## REQUIRED ACTION
Everything from the line with "this 320×179 image." to the end of the data below, both lines included, should be transcribed exactly; please omit the pictures.

## RECORDS TO USE
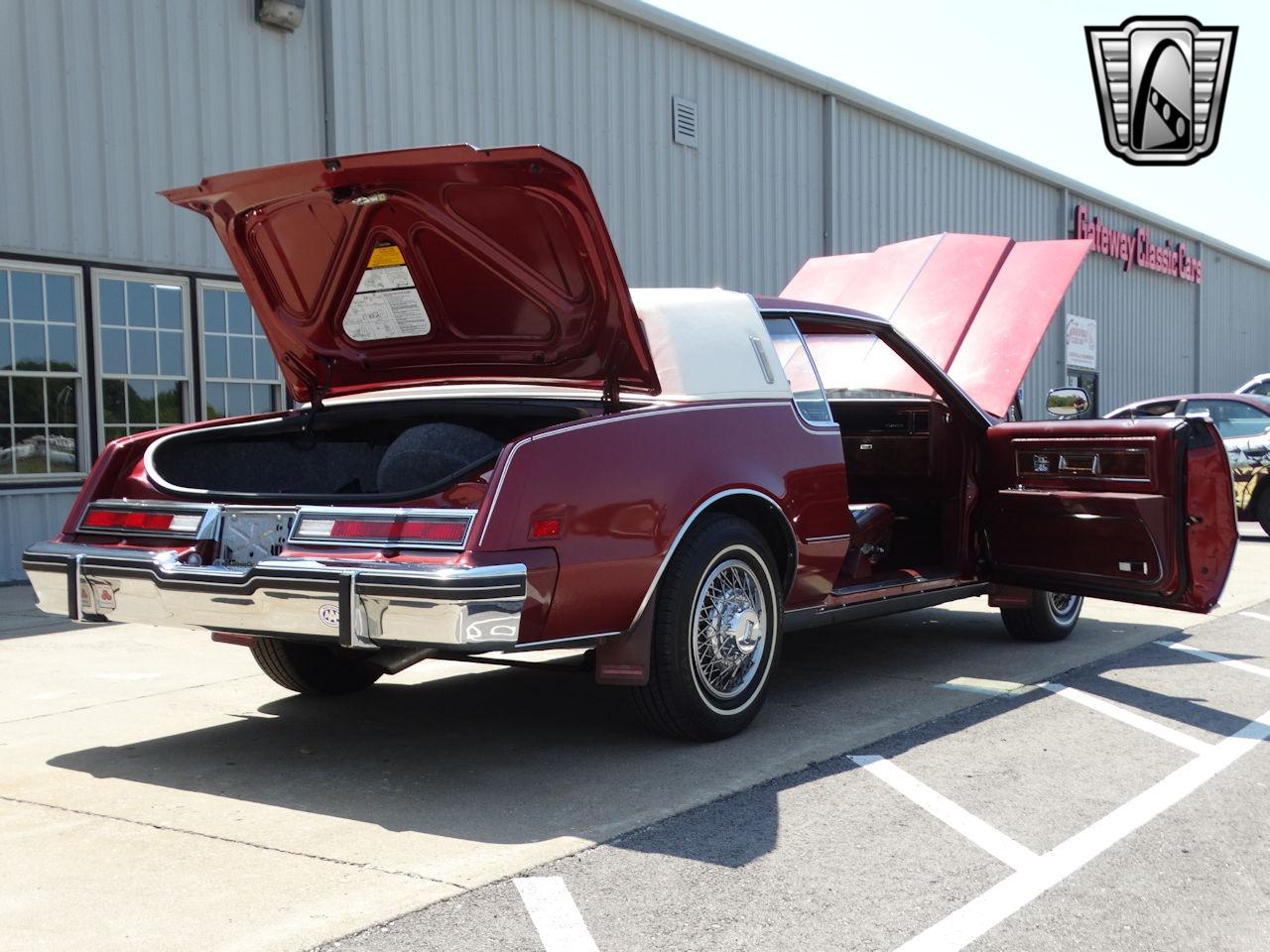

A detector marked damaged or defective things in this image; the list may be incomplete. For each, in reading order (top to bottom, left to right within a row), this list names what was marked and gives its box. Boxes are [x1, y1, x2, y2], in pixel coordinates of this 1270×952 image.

concrete pavement crack [0, 791, 467, 893]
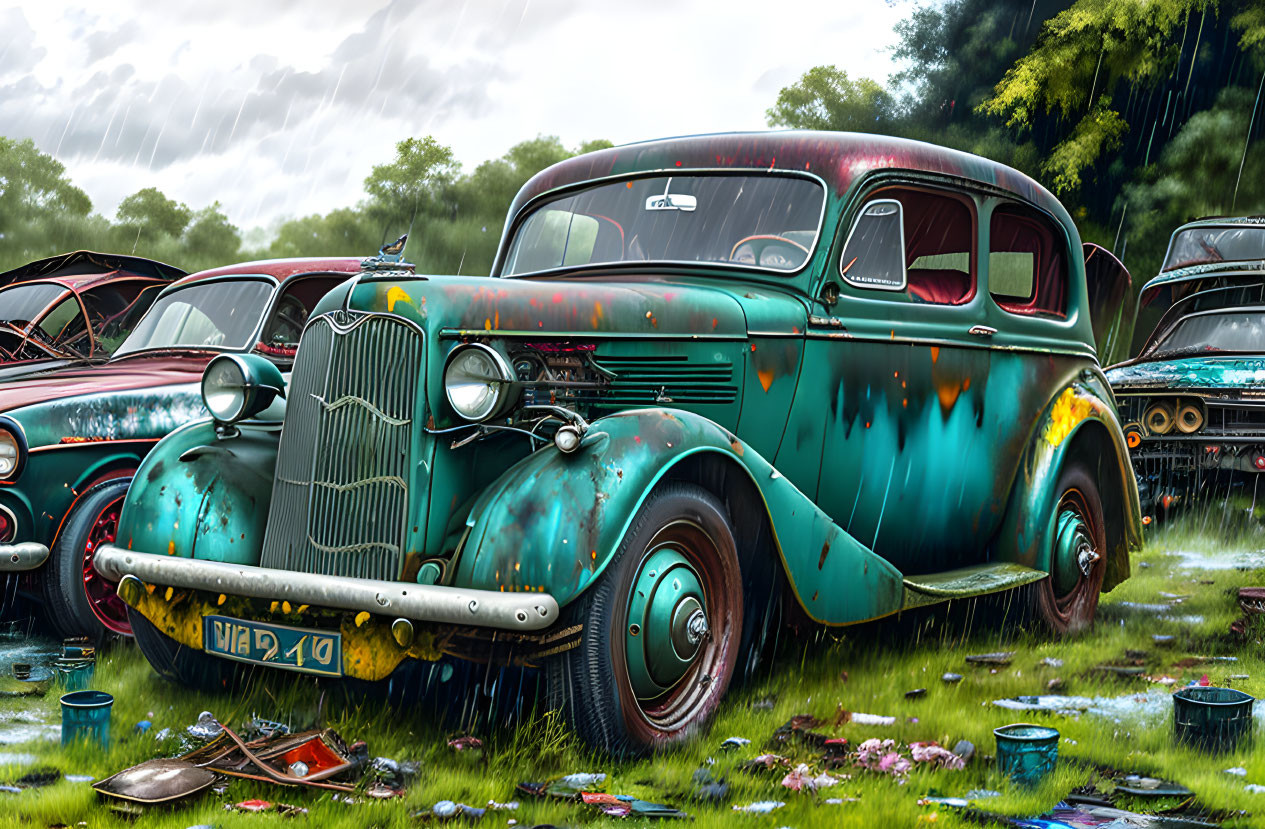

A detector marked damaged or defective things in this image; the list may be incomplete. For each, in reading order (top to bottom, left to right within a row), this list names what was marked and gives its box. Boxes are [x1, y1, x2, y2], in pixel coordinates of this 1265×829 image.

rusty car body [0, 251, 184, 382]
rusty car body [0, 255, 366, 645]
rusty car body [101, 131, 1148, 759]
rusty car body [1108, 213, 1265, 511]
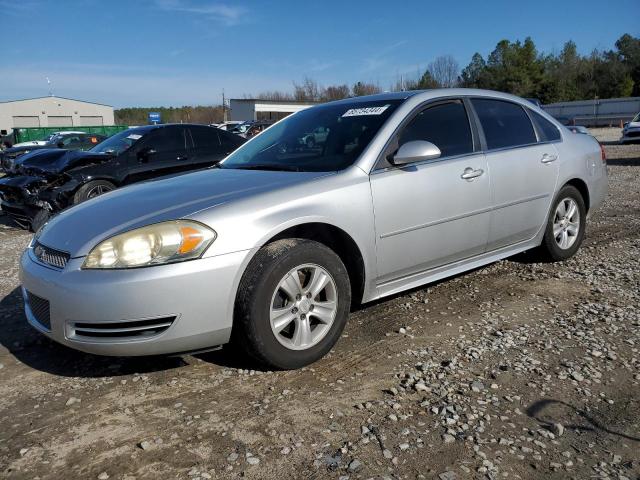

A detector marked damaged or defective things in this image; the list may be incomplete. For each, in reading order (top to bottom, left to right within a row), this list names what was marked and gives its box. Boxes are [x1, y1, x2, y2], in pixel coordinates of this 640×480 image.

damaged black car [0, 123, 245, 230]
wrecked car [0, 124, 245, 232]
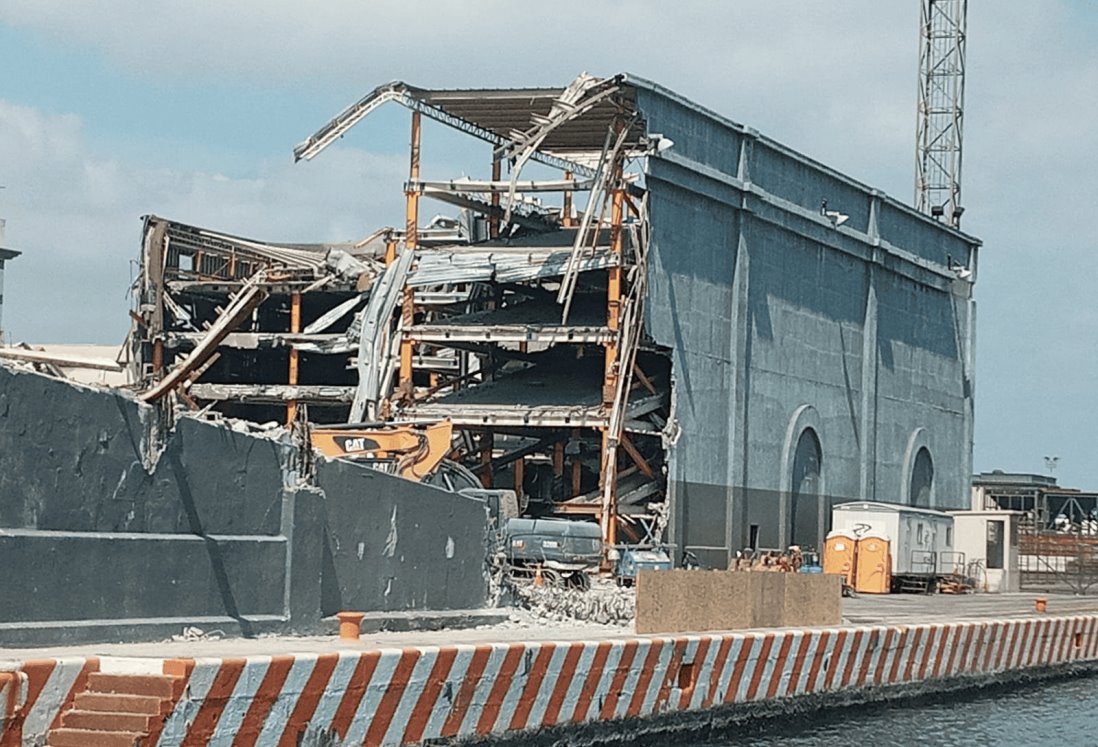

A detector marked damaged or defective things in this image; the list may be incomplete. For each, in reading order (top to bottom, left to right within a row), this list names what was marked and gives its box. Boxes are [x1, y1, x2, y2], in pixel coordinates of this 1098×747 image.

rusty steel column [285, 290, 303, 424]
rusty steel column [399, 110, 419, 399]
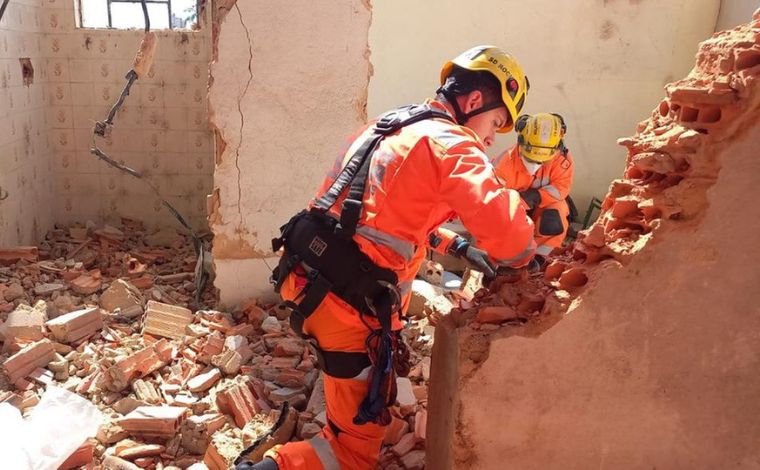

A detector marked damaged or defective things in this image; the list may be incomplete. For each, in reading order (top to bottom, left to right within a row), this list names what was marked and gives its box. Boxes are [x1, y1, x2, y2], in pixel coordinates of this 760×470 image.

cracked wall [0, 0, 56, 244]
broken brick wall [0, 0, 56, 246]
broken brick [45, 306, 101, 344]
broken brick wall [43, 0, 214, 231]
broken brick [142, 300, 194, 340]
cracked wall [208, 0, 374, 306]
broken brick wall [208, 0, 374, 306]
broken brick wall [368, 0, 724, 211]
broken brick wall [430, 11, 760, 470]
cracked wall [430, 11, 760, 470]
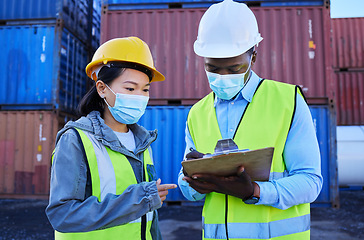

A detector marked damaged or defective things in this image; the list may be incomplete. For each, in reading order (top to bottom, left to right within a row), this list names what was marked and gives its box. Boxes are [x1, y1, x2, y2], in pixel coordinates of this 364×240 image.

rust stain on container [101, 6, 334, 102]
rust stain on container [332, 17, 364, 70]
rust stain on container [336, 71, 364, 125]
rust stain on container [0, 111, 63, 198]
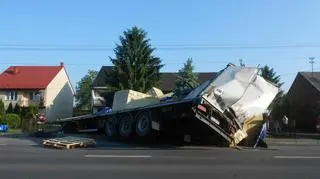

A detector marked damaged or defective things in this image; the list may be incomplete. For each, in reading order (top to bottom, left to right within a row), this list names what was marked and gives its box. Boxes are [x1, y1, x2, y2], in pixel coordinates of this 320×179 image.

overturned truck trailer [53, 64, 278, 147]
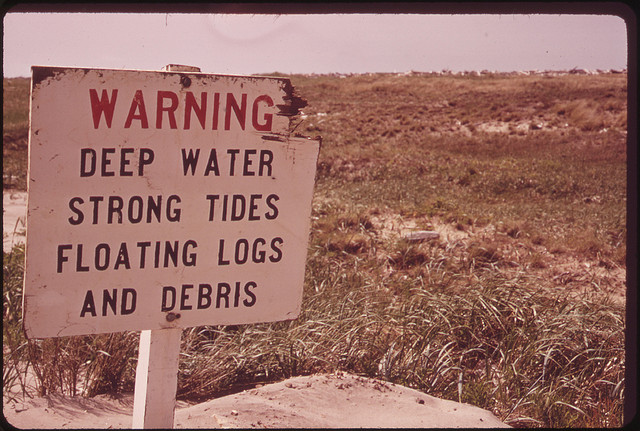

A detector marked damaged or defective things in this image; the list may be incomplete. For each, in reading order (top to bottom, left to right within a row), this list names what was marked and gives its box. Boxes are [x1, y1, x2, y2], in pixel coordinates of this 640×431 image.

chipped paint on sign [25, 66, 320, 340]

## YOUR RESPONSE
A detector marked damaged or defective things in this image; the list may be incomplete. For each, in reading order (top to bottom, left to right within a row), this list names what was marked and gives its box. Boxes are [x1, y1, x2, y2], in pixel coordinates of this 320×179 image.

overturned truck trailer [53, 64, 278, 147]

A detector marked damaged or defective things in this image; the list may be incomplete. For each, in reading order (top to bottom, left to right within a row), this list names what was marked and gives its box. Boxes are [x1, y1, x2, y2], in pixel coordinates of this 640×431 image.

chipped paint on sign [25, 66, 320, 340]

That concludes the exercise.